Woori Technology Inv 

Risk-Adjusted Performance

1 of 100

 
Weak
 
Strong
Weak
Compared to the overall equity markets, risk-adjusted returns on investments in Woori Technology Investment are ranked lower than 1 (%) of all global equities and portfolios over the last 90 days. Despite somewhat strong basic indicators, Woori Technology is not utilizing all of its potentials. The current stock price disturbance, may contribute to short-term losses for the investors.

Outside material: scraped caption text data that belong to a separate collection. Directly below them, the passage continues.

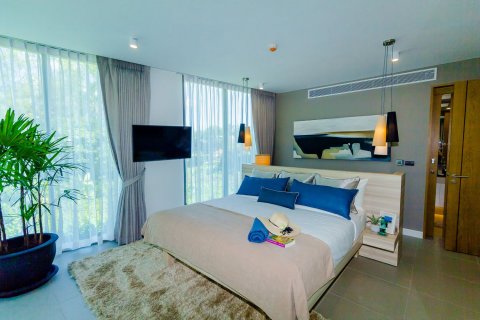คอนโดมิเนียมในบางเทา, ประเทศไทย, 2 ห้องนอน № 3325 - รูปถ่าย 15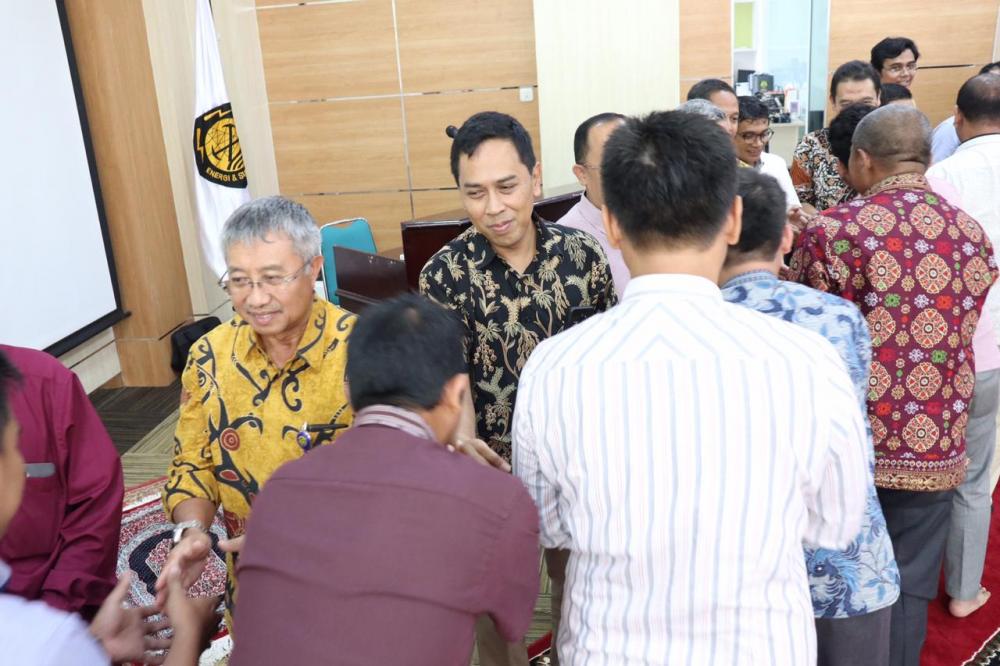 Menyambut Ramadhan, Ditjen EBTKE Gelar Tradisi Munggahan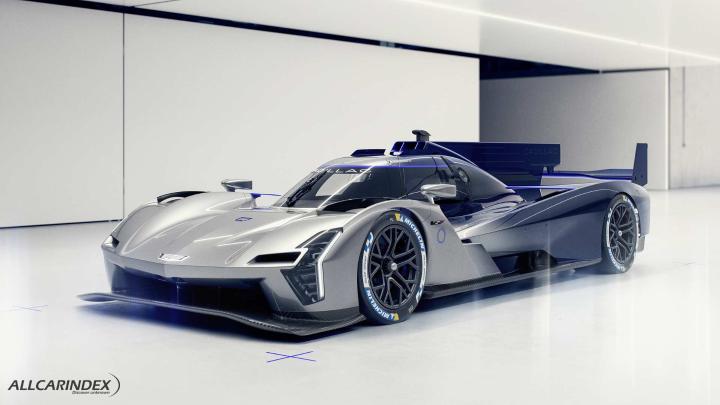Cadillac V-ONE Concept (2026)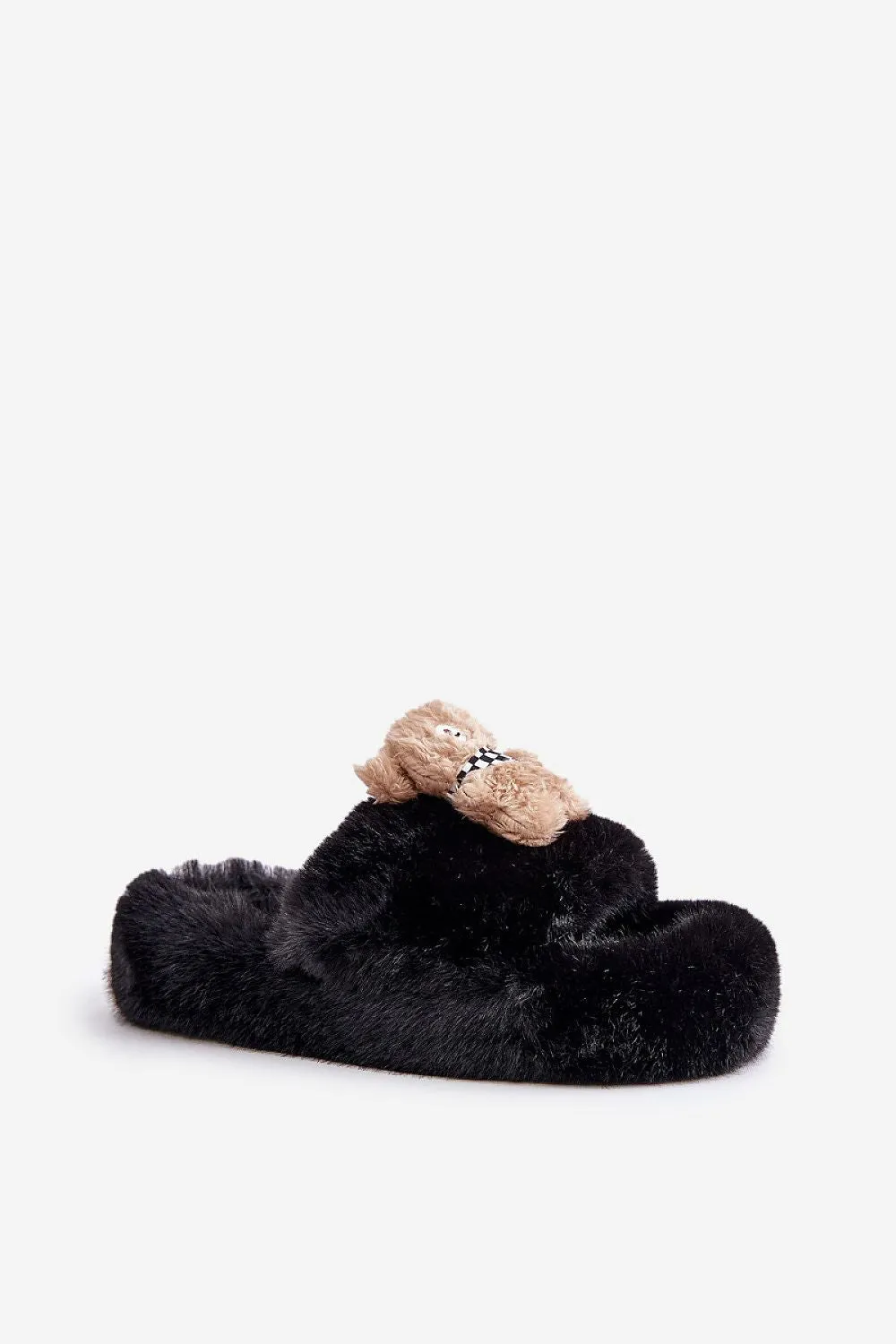 TEEK - Bear Bodied Slippers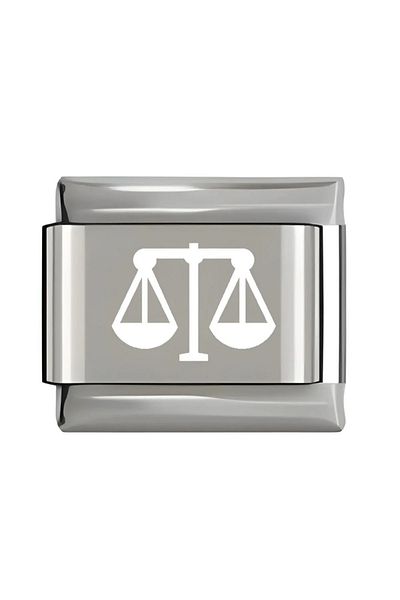 Sepetten Eve Italian Steel Scale Model Charm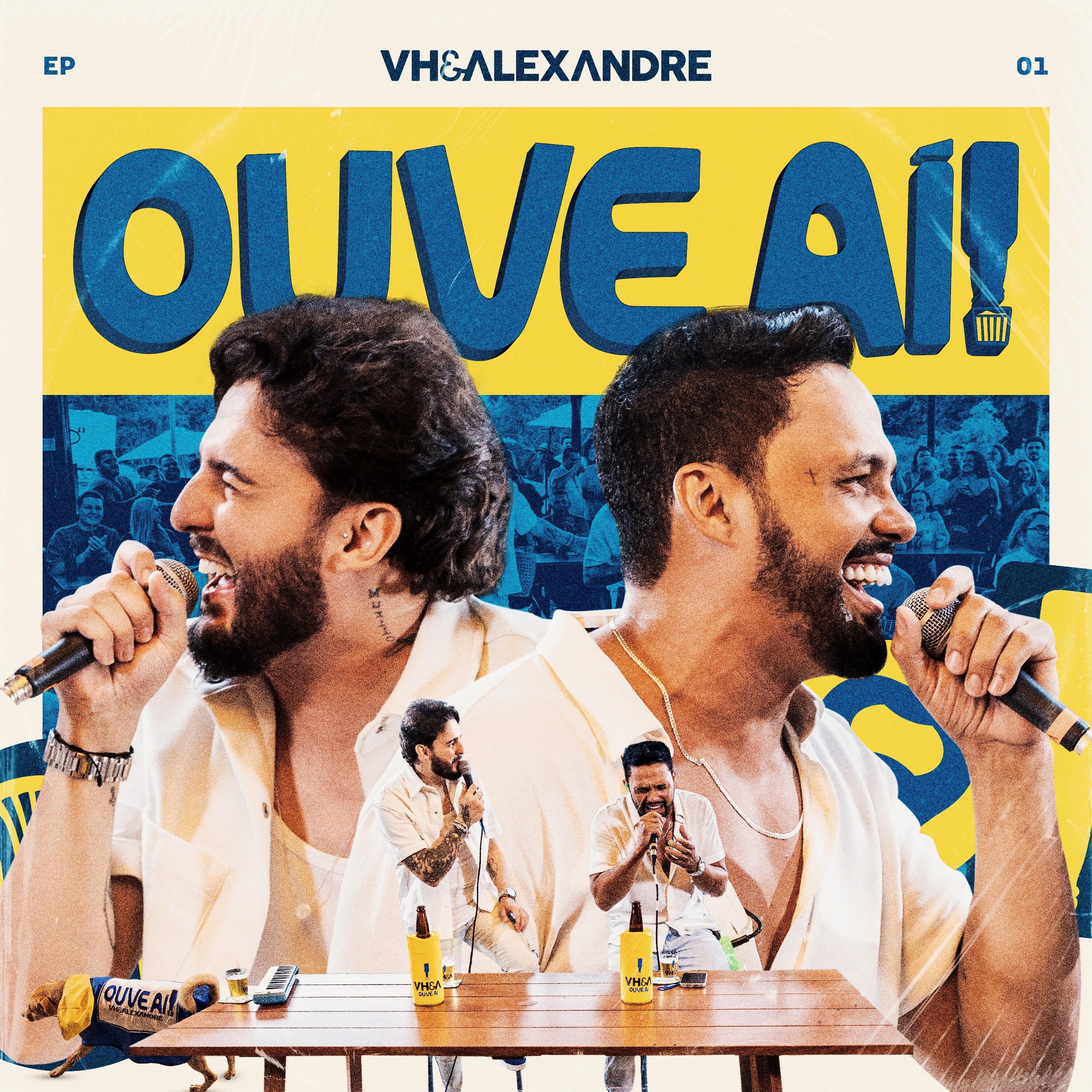 Ouve Aí, EP1 (Ao Vivo)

Company K and Woori Technology Volatility Contrast

   Predicted Return Density   
       Returns  

Pair Trading with Company K and Woori Technology

The main advantage of trading using opposite Company K and Woori Technology positions is that it hedges away some unsystematic risk. Because of two separate transactions, even if Company K position performs unexpectedly, Woori Technology can make up some of the losses. Pair trading also minimizes risk from directional movements in the market. For example, if an entire industry or sector drops because of unexpected headlines, the short position in Woori Technology will offset losses from the drop in Woori Technology's long position.
The idea behind Company K Partners and Woori Technology Investment pairs trading is to make the combined position market-neutral, meaning the overall market's direction will not affect its win or loss (or potential downside or upside). This can be achieved by designing a pairs trade with two highly correlated stocks or equities that operate in a similar space or sector, making it possible to obtain profits through simple and relatively low-risk investment.
Check out your portfolio center.
Note that this page's information should be used as a complementary analysis to find the right mix of equity instruments to add to your existing portfolios or create a brand new portfolio. You can also try the Options Analysis module to analyze and evaluate options and option chains as a potential hedge for your portfolios.